Nice couple of posts above though. Appreciate that.
Original post by mackemforever
The whole quiz is a thinly veiled attempt to guilt people into donating money to charity.

Make people say repeatedly that they have a moral obligation to help children that cannot help themselves and then try to make them feel bad if they do not donate money to a charity that helps children.

Pathetic.


If deciphering moral obligations is to you the same as "making you feel guilty" then yes, it is. I worry greatly for you though if those things are synonymous with you. The only reason you don't murder someone when it would benefit you greatly to do so is that society has brainwashed you to feel guilty at doing such AND, of course, the physical repercussions? Nothing more? Worrying.

I don't find it pathetic at all. I find it progressive and beneficial.
I got 100%. I do believe that we are morally obliged to donate money to those less fortunate if you have the resources and spare money to spend on things like dominos or a new shirt. However at that long a distance, you can't be sure where exactly your money is going. I still plan on regularly giving donations but only to reputable and reliable charities.
70% too, I made it up until they wanted me to travel.

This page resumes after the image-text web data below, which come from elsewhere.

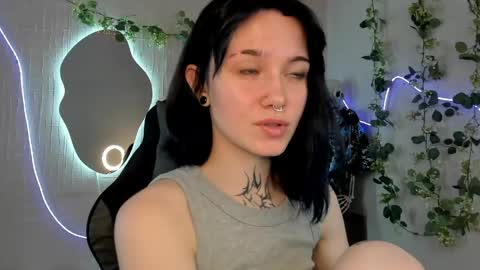 elastikiss online show from 05-18-26, 05:35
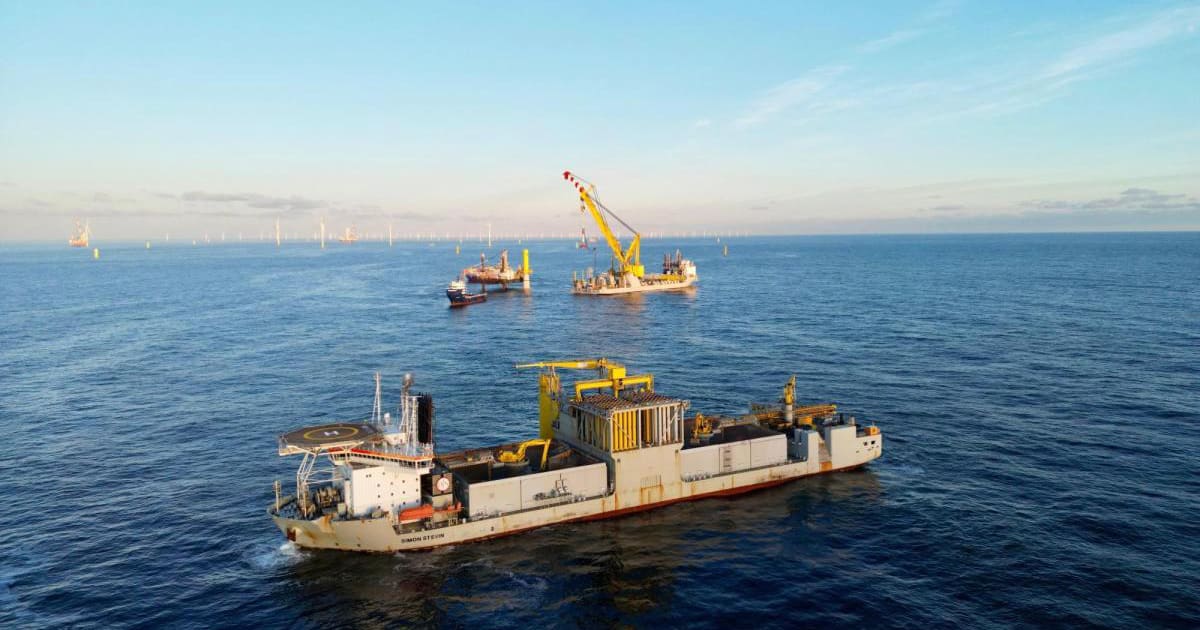 Dutch Wind Farm OranjeWind Begins Construction at Sea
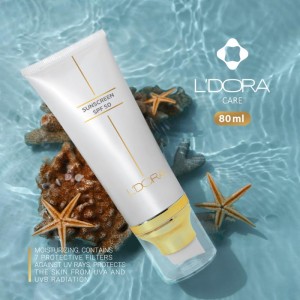 کرم ضدآفتاب SPF50 بی‌رنگ ۸۰ میلی‌لیتر 4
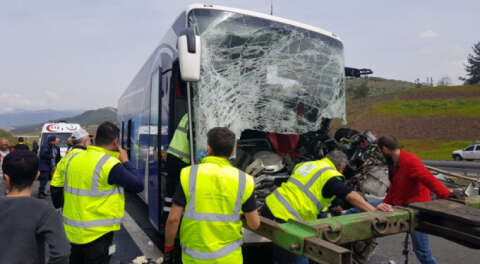 Bursa'da yolcu otobüsü tıra çarptı; 2 ölü 20 yaralı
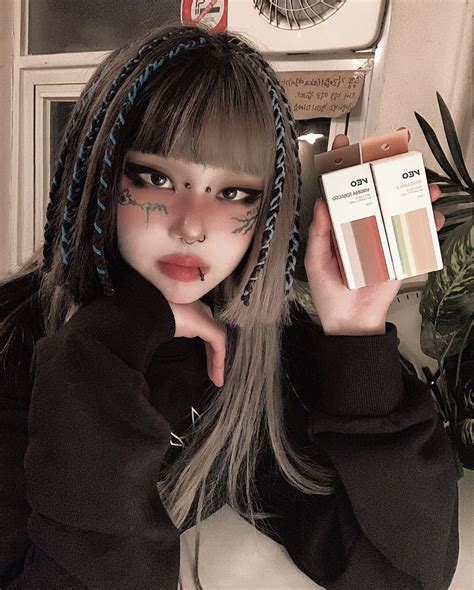 Goth Aesthetic Makeup 𝖆𝖑𝖑𝖈𝖚𝖙𝖊𝖌𝖎𝖗𝖑𝖘𝖍𝖊𝖗𝖊 In 2020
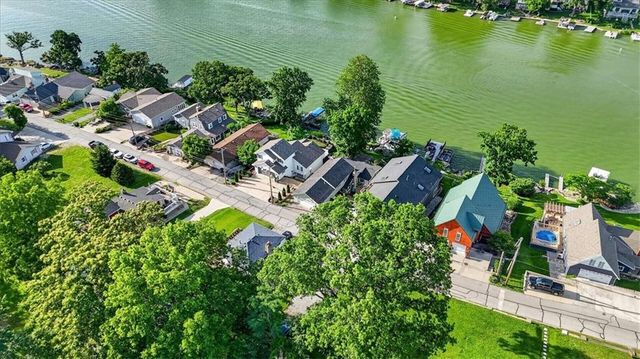 25 Beach Drive, Lake Tapawingo, MO 64015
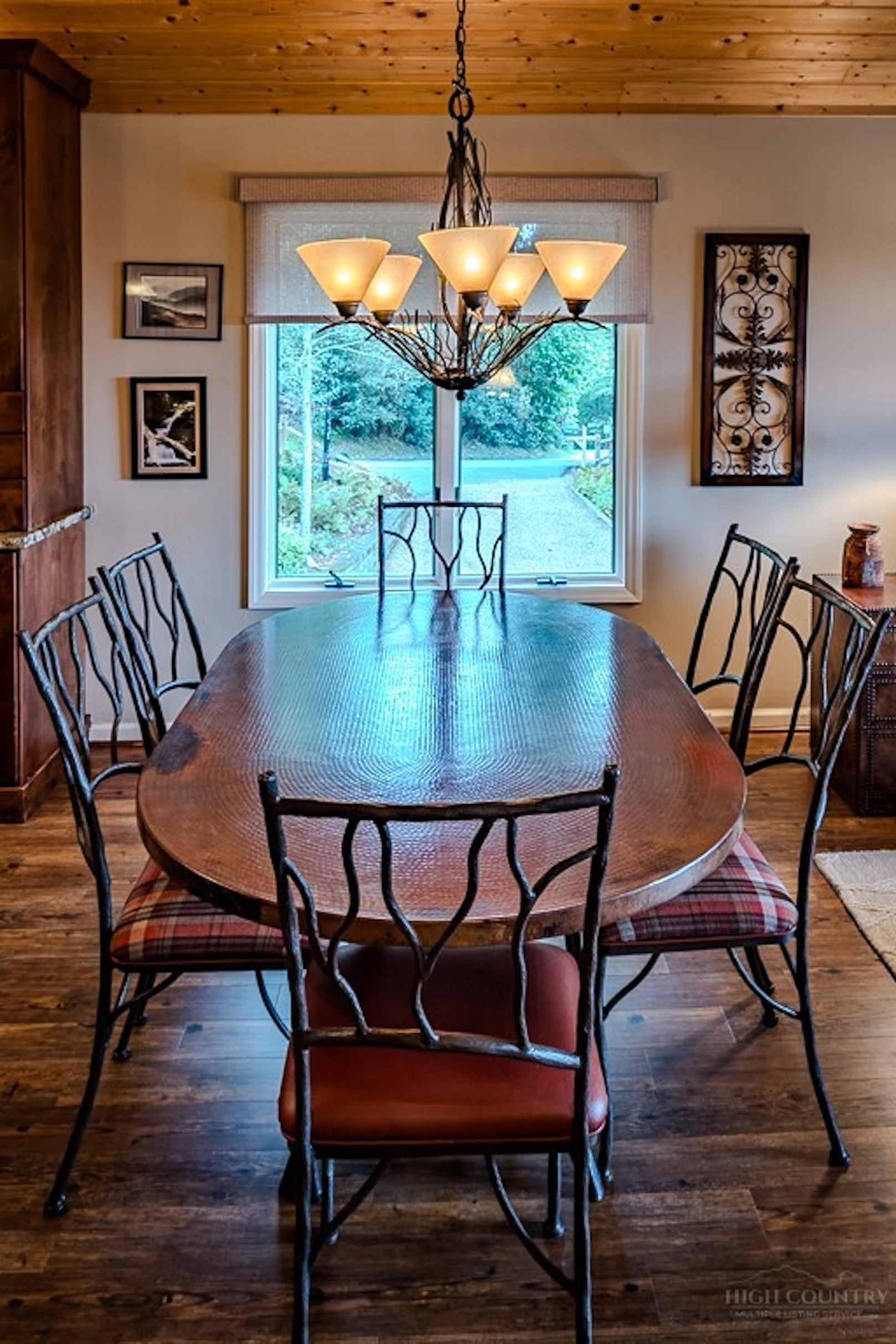 Image number 9 for the current listing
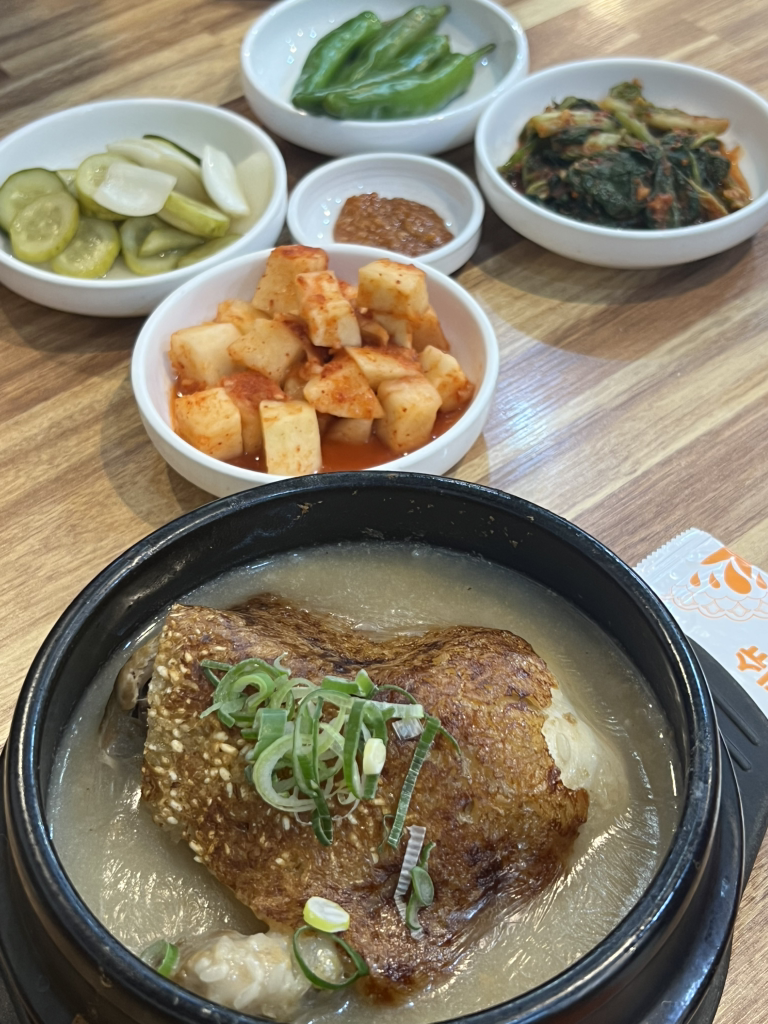 Hyeonggwaaunurungjisamgyetang (형과아우누룽지삼계탕) 1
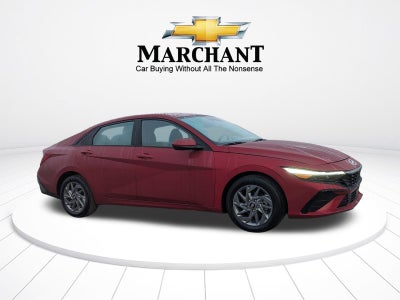 2024 Hyundai Elantra SEL IVT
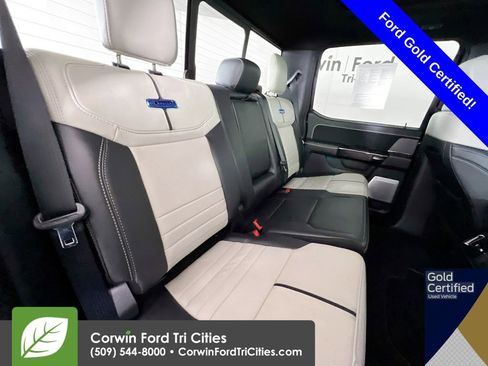 Used 2024 Ford F150 Lightning Platinum image 15
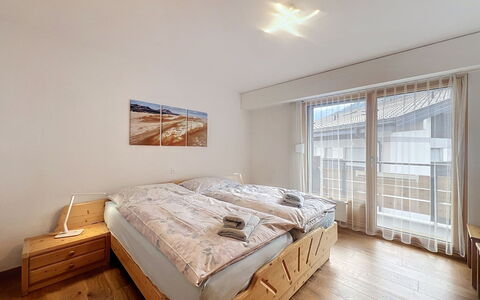 Diana E2: Madera, Habitación, Diseño De Interiores, Cama, Suelo, Sábana, Lecho, Techo, Habitación, Departamento
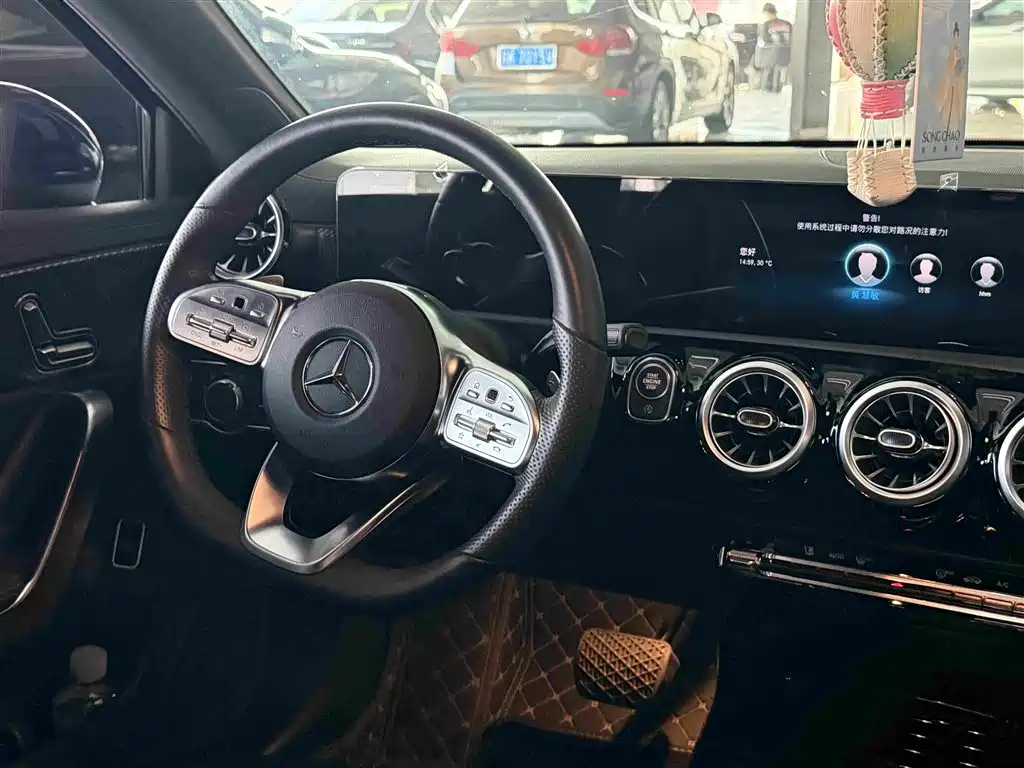 Mercedes-Benz A-Class — миниатюра 16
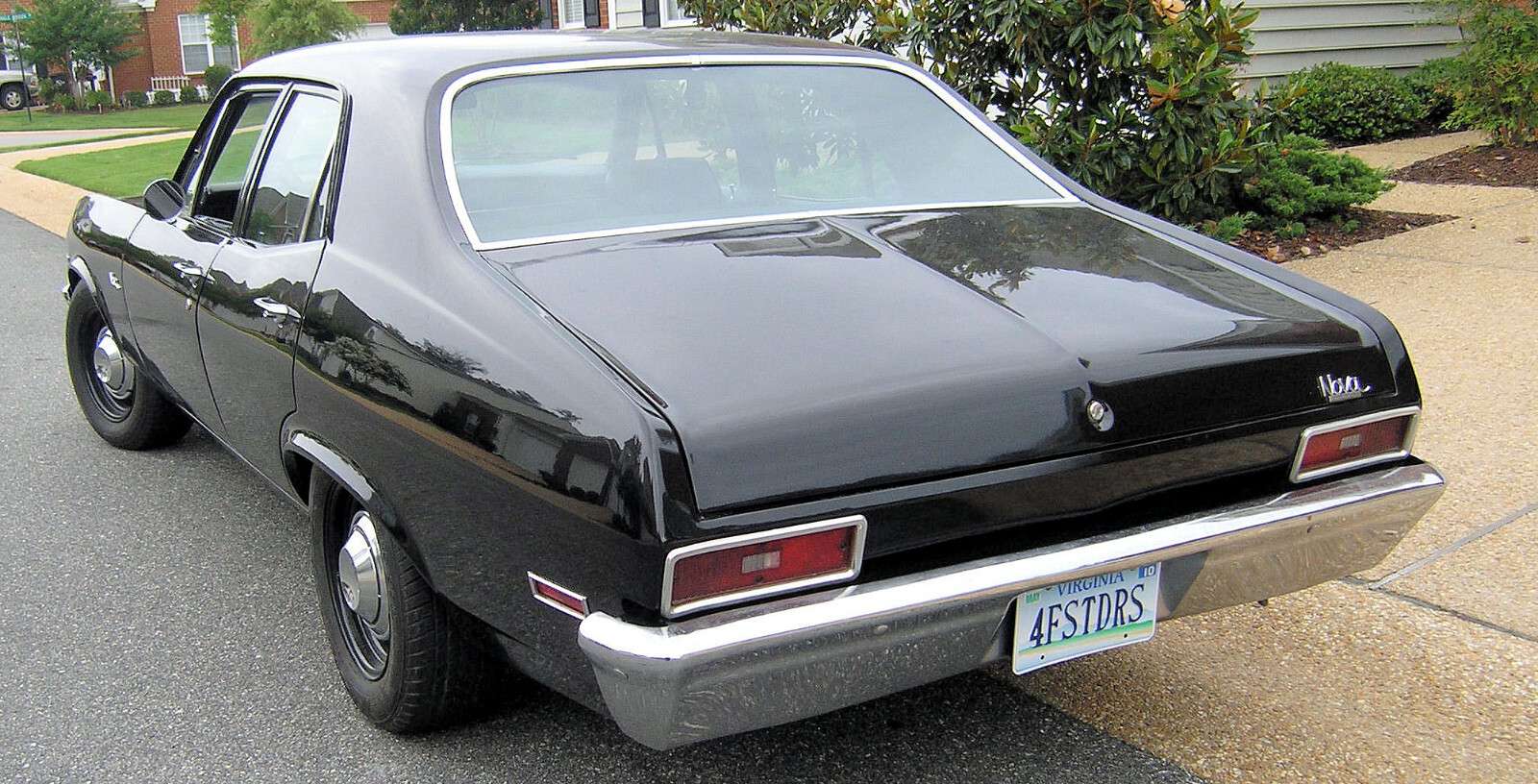 Chevrolet-Nova-1970-Sedan-3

I figured (roughly) where it was trying to lead us, but I think the reasoning's tenuous. This sort of obligation isn't black and white. The directness of the help you can give matters, and the closeness of the harm to you matters. You're obligated to do something about the child because you're the person, or one of the people, who is there to do something about it, and it would be inhuman to do nothing in that circumstance. Giving money is good, but it's a matter of balance.

Incidentally, if they'd taken the 'you've just saved another child recently' line further, and, say, every single day you saw several drowning children on your way to work, I think I'd eventually take the view that you're not obliged to do anything, on the basis that there's no longer anything connecting you specifically to one drowning child, as there is when you actually see a drowning child (again, proximity, basically).

So there's my 4am top of my head ramble for you all.

Incidentally I give quite a bit, mainly on the basis that any time a charity person asks me for money I can't think of a valid excuse not to give it to them, but I don't know if I consider myself obligated to do that.
(edited 9 years ago)
100%

Surely the difference is that I am under an obligation to someone who specifically presents themselves to me in danger whom I am able to help. What imposes the obligation is that the victim is particularised for me. In Christian terms (but this obligation does not arise from belief in a religion), it is the finding of the Israelite by the side of the road which makes the Israelite the Samaritan's neighbour.

In that case it doesn't matter how geographically remote they are from me (in other words if I receive a mobile phone call from a child clinging to a rock in a pond on the other side of the world, I am as obligated to help (within my powers) as if I walk past them and see them drowning).

However, I am not obligated to help Oxfam that seeks my money in order to go out and find people to help because:-

1 The charity itself is not in danger unless the Isis and Cherwell are in flood.

2 As I am not morally obligated to go and seek out drowning children to rescue (or any other category of persons in need) directly, I am not morally obligated to fund others to do so.

3 If the drowning child (or any other category of person in need) makes what amounts to a moral call on Oxfam for assistance (perhaps the drowning child is observed during an Oxfam trustees' awayday), Oxfam may have a moral obligation to do all within its power to save the child; but that does not impose any specific moral obligation on me greater than my obligations to the rest of humanity (such as my moral obligation not to pour poison in the pond). The fact that a person seeks assistance from someone else (even if that someone else is an aid charity) doesn't have the effect of particularising that person for me so as to impose a higher moral duty on me.